“Capt. Weddell reached this point in 1823”
By NEWTON, [John]., 1845
Newton’s New & Improved Terrestrial Globe [and] Newton’s New & Improved Celestial Globe.
- Author: NEWTON, [John].
- Publication place: London
- Publisher: [Newton & Son], 66 Chancery Lane
- Publication date: c1845-1846
- Physical description: A pair of terrestrial and celestial globes, each with 12 hand-coloured engraved paper gores, clipped at 70 degrees latitude, with two polar calottes, over a papier mâché and plaster sphere, varnished, mounted in a brass meridian half-circle supported by turned wooden pedestal stand.
- Dimensions: Diameter: 150mm (6 inches) each.
- Inventory reference: 15683
During the first half of the nineteenth century the firm of Newton, together with Bardin and Cary, occupied a leading position in the manufacture of globes in London.

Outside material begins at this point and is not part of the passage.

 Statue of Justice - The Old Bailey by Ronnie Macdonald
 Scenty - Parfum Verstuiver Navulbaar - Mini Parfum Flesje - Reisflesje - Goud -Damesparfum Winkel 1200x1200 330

The firm was established by John Newton in 1783 and operated originally from the Globe & Sun 128 Chancery Lane, moving to 97 Chancery Lane in 1803, before settling at 66 Chancery Lane in 1817.
John Newton (1759–1844) was trained by Thomas Bateman (fl1754-81), who had previously been apprenticed to Nathaniel Hill (fl1746-1768). Newton’s first globe was a revised edition of Hill’s 1754 pocket globe, which he published in 1783 in association with William Palmer. The partnership dissolved shortly after, and Newton continued to publish the pocket globe under his own name. John’s second son William Newton (1786–1861) joined the firm between 1814–1816, which traded under the name J. & W. Newton. In the same year the firm produced a new series of globes, including a new pocket globe.
By the 1830s the firm was also active as a patent agent and was joined by Miles Berry, a civil engineer and patent agent, after which the firm was known as Newton, Berry & Son. In 1842, William’s eldest son, William Edward Newton (1818–1879), joined the business, followed by his brother Alfred Vincent Newton (1821–1900). The firm became known as W. Newton & Son, or once again, on the death of William, as simply Newton & Son from 1861 until about 1883.
Perhaps the greatest triumph for the Newton family was the Great Exhibition of 1851, where, aside from the globes they exhibited from 150 to 635mm (1 to 25 inches) in diameter, they were awarded a prize medal for a manuscript terrestrial globe of six feet in diameter.
The cartography, given in English, is based on that of Newton’s previous terrestrial globes. The “Antipodes of London” is shown, and the South Polar Region is empty except for a notation that reads “Capt. Weddell reached this point in 1823”. To the west of America, there is a solar declination scale in the shape of an “8” to replace the ecliptic which is labelled. Eight oceans are named, and there is additional information provided in the South Pacific Ocean.
The cartography, given in English and Latin, is based on that of Newton’s previous celestial globes. There is a labelled magnitude table above a cartouche. For some variable stars the range in magnitudes is also given. A total of 42 stars and three star groups are named. The 48 Ptolemaic constellations and four of the non-Ptolemaic constellations are drawn. Eight of the southern constellations are drawn as well as those of Plancius, those of Hevelius, except Triangulum Minus, and those of Lacaille. However, not all the constellations are labelled.